• _RECORDS FOR THIS TASK_
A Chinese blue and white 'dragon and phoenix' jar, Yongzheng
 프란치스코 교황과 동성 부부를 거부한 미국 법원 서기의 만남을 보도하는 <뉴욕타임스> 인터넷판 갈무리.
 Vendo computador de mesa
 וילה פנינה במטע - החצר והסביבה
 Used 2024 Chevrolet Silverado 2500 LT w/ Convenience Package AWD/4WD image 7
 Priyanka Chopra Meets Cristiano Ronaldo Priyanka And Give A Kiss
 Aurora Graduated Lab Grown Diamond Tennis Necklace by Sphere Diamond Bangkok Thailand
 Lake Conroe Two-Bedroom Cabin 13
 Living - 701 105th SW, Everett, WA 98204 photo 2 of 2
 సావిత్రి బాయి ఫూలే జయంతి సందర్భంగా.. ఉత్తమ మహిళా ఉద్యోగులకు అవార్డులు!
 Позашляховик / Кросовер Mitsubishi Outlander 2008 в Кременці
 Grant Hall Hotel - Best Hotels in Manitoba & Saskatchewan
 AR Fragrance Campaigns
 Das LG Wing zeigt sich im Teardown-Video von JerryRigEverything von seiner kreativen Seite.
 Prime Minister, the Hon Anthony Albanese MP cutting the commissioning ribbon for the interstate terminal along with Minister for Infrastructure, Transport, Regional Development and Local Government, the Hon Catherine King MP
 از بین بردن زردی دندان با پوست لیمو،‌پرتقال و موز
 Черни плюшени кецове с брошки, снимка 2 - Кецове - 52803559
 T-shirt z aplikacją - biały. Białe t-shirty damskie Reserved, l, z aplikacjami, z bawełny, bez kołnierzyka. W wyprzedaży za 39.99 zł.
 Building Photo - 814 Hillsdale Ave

• _EXERCISE DETAILS_
Only the lines from the one containing "וילה פנינה במטע - החצר והסביבה" through the last line of the entries above should be copied, exactly as written.

• _SOLUTION TO THIS EXERCISE_
 וילה פנינה במטע - החצר והסביבה
 Used 2024 Chevrolet Silverado 2500 LT w/ Convenience Package AWD/4WD image 7
 Priyanka Chopra Meets Cristiano Ronaldo Priyanka And Give A Kiss
 Aurora Graduated Lab Grown Diamond Tennis Necklace by Sphere Diamond Bangkok Thailand
 Lake Conroe Two-Bedroom Cabin 13
 Living - 701 105th SW, Everett, WA 98204 photo 2 of 2
 సావిత్రి బాయి ఫూలే జయంతి సందర్భంగా.. ఉత్తమ మహిళా ఉద్యోగులకు అవార్డులు!
 Позашляховик / Кросовер Mitsubishi Outlander 2008 в Кременці
 Grant Hall Hotel - Best Hotels in Manitoba & Saskatchewan
 AR Fragrance Campaigns
 Das LG Wing zeigt sich im Teardown-Video von JerryRigEverything von seiner kreativen Seite.
 Prime Minister, the Hon Anthony Albanese MP cutting the commissioning ribbon for the interstate terminal along with Minister for Infrastructure, Transport, Regional Development and Local Government, the Hon Catherine King MP
 از بین بردن زردی دندان با پوست لیمو،‌پرتقال و موز
 Черни плюшени кецове с брошки, снимка 2 - Кецове - 52803559
 T-shirt z aplikacją - biały. Białe t-shirty damskie Reserved, l, z aplikacjami, z bawełny, bez kołnierzyka. W wyprzedaży za 39.99 zł.
 Building Photo - 814 Hillsdale Ave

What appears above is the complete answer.